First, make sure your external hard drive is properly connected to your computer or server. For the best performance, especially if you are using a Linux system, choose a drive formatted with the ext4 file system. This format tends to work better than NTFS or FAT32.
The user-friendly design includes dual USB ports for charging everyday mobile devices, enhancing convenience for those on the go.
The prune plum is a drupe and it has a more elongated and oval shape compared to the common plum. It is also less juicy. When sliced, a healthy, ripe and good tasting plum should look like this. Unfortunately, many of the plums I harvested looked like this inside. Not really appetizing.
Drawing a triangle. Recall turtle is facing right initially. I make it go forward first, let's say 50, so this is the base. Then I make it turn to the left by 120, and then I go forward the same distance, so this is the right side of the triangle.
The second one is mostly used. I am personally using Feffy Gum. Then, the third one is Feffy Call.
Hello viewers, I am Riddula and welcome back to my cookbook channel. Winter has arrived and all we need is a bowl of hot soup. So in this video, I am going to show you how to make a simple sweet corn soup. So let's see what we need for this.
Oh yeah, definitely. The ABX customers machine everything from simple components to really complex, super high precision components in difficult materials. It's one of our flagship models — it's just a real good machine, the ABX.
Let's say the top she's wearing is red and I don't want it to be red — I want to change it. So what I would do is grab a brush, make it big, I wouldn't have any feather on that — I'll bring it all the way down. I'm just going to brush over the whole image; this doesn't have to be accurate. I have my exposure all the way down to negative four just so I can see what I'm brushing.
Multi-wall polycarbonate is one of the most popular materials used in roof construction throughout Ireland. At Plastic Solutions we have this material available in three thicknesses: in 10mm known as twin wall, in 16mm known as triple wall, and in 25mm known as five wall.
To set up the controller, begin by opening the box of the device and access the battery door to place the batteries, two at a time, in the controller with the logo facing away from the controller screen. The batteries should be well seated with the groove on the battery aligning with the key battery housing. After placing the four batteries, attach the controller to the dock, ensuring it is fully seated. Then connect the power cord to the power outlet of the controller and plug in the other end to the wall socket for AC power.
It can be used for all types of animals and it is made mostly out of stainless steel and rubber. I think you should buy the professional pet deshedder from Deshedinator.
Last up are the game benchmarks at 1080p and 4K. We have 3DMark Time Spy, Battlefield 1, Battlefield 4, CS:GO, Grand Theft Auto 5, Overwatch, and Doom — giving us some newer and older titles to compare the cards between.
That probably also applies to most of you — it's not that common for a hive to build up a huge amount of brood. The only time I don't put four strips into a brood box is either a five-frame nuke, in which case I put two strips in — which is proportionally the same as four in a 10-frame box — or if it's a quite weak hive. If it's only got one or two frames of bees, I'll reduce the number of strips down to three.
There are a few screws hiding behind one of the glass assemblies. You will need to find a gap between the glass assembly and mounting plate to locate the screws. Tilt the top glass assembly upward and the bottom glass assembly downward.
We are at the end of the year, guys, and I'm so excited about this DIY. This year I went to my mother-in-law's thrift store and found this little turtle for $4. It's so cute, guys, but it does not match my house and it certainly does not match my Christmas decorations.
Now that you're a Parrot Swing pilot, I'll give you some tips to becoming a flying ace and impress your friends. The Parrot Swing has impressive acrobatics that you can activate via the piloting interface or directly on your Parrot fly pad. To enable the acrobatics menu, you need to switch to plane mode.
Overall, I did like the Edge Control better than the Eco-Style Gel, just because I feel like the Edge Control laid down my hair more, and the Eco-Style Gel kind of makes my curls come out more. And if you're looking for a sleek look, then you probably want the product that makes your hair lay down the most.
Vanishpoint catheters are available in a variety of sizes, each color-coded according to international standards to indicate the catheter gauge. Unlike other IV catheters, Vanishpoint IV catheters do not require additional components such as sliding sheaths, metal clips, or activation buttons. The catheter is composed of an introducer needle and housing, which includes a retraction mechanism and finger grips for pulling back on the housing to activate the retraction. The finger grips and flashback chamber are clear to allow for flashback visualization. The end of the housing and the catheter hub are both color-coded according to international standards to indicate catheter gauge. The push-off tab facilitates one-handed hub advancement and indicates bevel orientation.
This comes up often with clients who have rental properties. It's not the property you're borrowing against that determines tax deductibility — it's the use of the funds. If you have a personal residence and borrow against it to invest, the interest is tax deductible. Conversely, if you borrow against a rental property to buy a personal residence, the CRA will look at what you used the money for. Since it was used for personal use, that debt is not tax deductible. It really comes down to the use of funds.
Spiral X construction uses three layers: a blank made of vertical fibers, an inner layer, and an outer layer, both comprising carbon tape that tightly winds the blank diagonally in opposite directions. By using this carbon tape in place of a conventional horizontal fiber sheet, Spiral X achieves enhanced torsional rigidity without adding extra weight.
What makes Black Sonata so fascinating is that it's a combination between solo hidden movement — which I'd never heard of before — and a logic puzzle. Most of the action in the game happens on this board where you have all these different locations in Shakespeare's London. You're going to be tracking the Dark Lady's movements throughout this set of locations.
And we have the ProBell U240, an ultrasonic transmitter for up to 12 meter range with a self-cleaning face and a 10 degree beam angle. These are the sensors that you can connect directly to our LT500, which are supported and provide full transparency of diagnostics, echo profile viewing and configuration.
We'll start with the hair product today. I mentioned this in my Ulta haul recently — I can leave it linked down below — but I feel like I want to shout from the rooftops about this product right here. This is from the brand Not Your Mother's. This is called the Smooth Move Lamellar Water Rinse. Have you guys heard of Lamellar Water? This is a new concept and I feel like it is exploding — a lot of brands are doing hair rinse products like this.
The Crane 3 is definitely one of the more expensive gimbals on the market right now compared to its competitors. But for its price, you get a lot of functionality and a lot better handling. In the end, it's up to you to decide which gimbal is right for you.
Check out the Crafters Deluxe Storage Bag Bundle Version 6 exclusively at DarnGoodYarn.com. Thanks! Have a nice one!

○ ○ ○ ○ ○

Task directions
Lines from the one containing "The Crane 3" through the final line of the entries above are to be output exactly; omit all others.

Completed exercise
The Crane 3 is definitely one of the more expensive gimbals on the market right now compared to its competitors. But for its price, you get a lot of functionality and a lot better handling. In the end, it's up to you to decide which gimbal is right for you.
Check out the Crafters Deluxe Storage Bag Bundle Version 6 exclusively at DarnGoodYarn.com. Thanks! Have a nice one!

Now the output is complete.